EXERCISE GOAL: Beneath this instruction is a listing; print exactly the lines in it starting at the line that contains "Hanging Bracket for" and going through the line that contains "Océane est enceinte".

TASK MATERIAL:
==============================
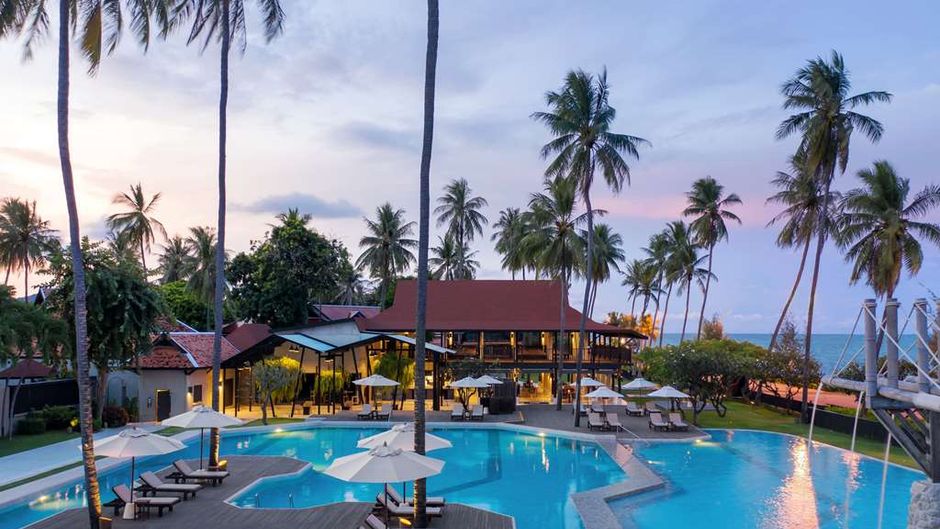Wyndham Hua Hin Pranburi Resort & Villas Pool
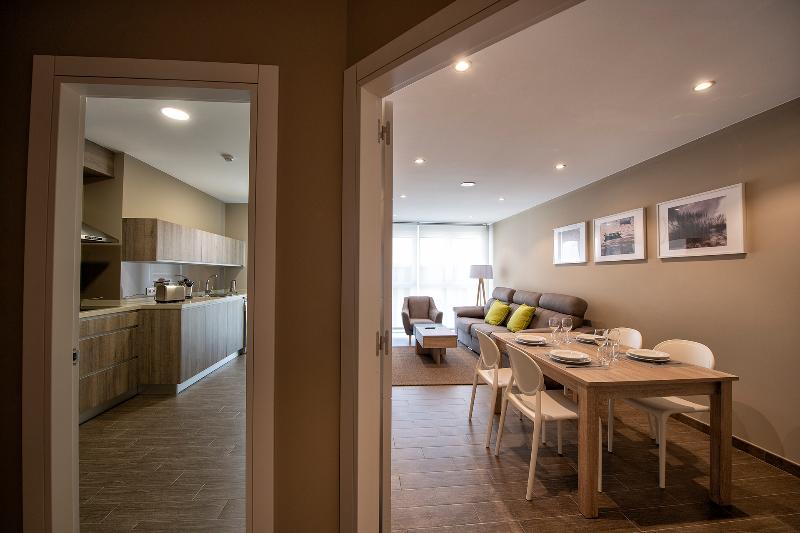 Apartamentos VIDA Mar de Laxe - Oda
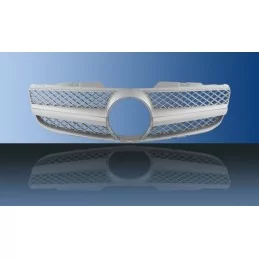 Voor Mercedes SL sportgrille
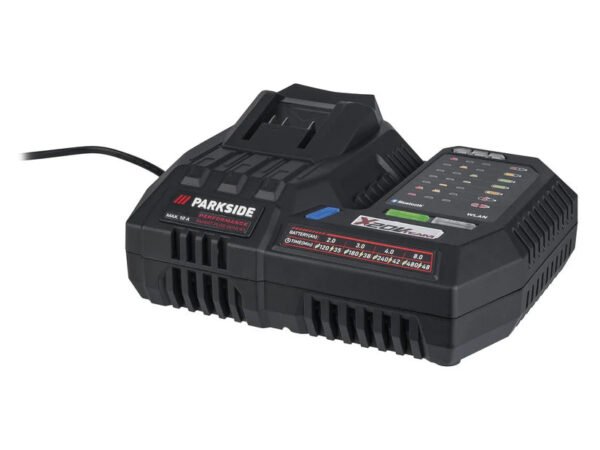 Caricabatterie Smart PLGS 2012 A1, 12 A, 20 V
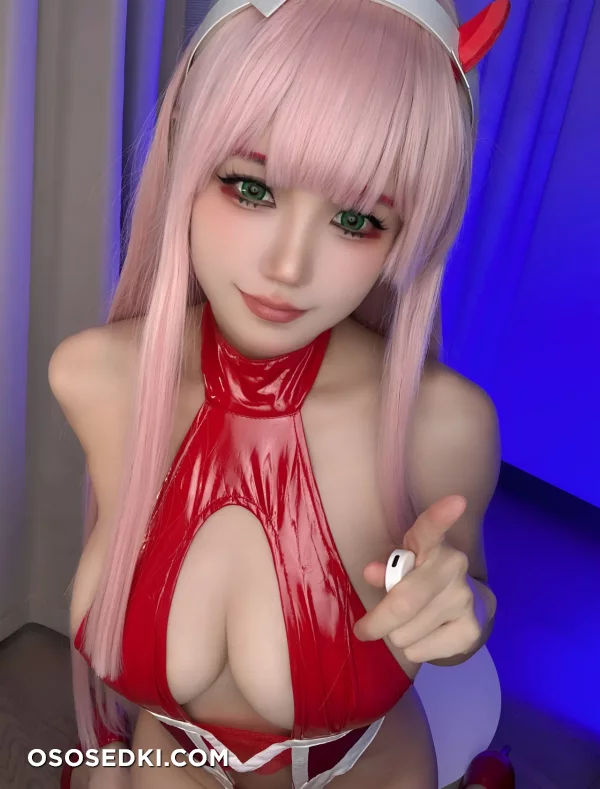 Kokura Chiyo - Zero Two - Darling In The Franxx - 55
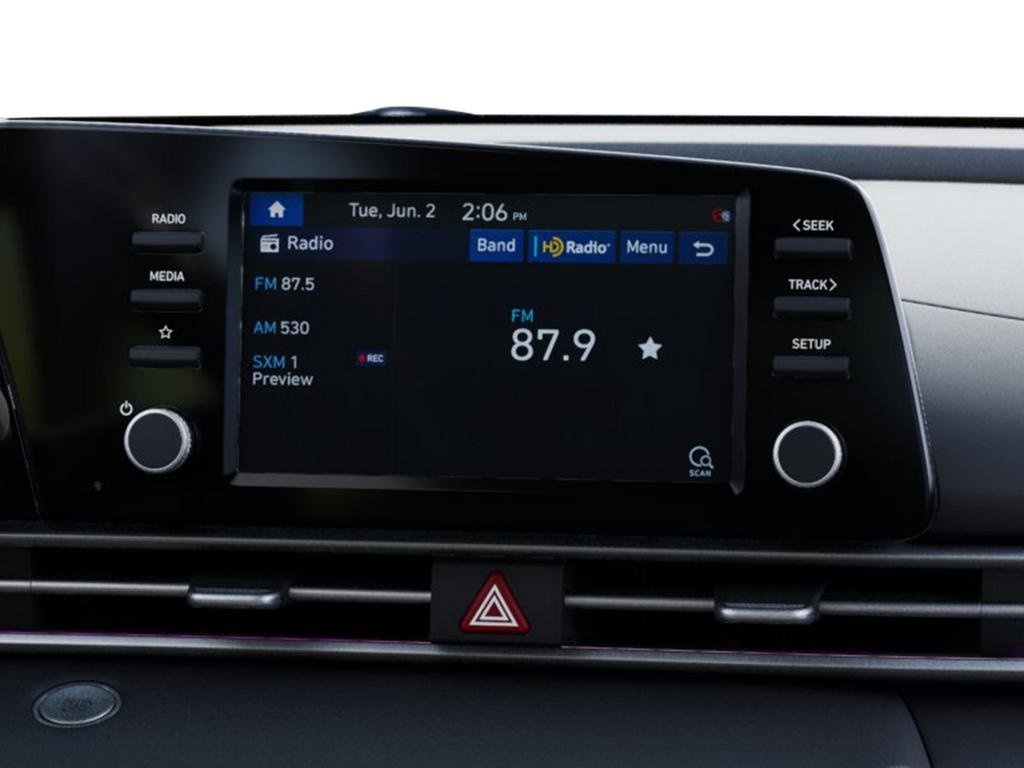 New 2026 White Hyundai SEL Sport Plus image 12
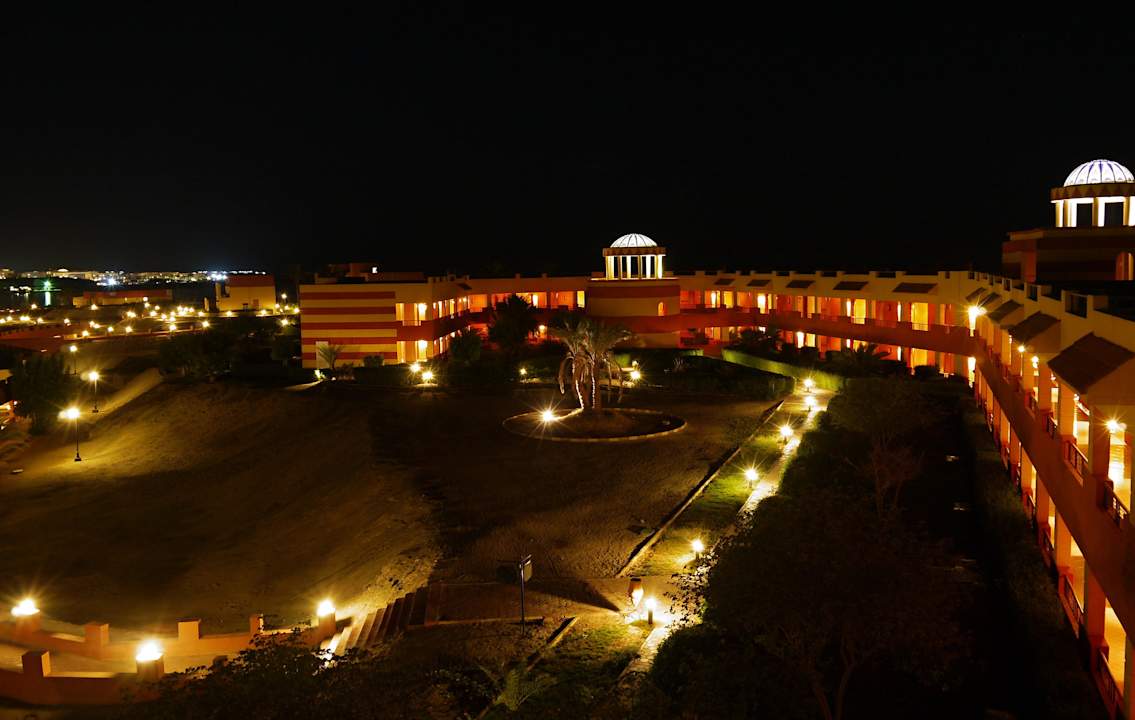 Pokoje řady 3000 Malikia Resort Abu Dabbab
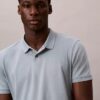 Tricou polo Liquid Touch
==============================
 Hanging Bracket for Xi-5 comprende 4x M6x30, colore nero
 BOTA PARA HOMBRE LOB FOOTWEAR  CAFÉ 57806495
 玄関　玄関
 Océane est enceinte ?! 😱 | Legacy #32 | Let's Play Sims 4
==============================
PROBLEM SOLUTION:
 Hanging Bracket for Xi-5 comprende 4x M6x30, colore nero
 BOTA PARA HOMBRE LOB FOOTWEAR  CAFÉ 57806495
 玄関　玄関
 Océane est enceinte ?! 😱 | Legacy #32 | Let's Play Sims 4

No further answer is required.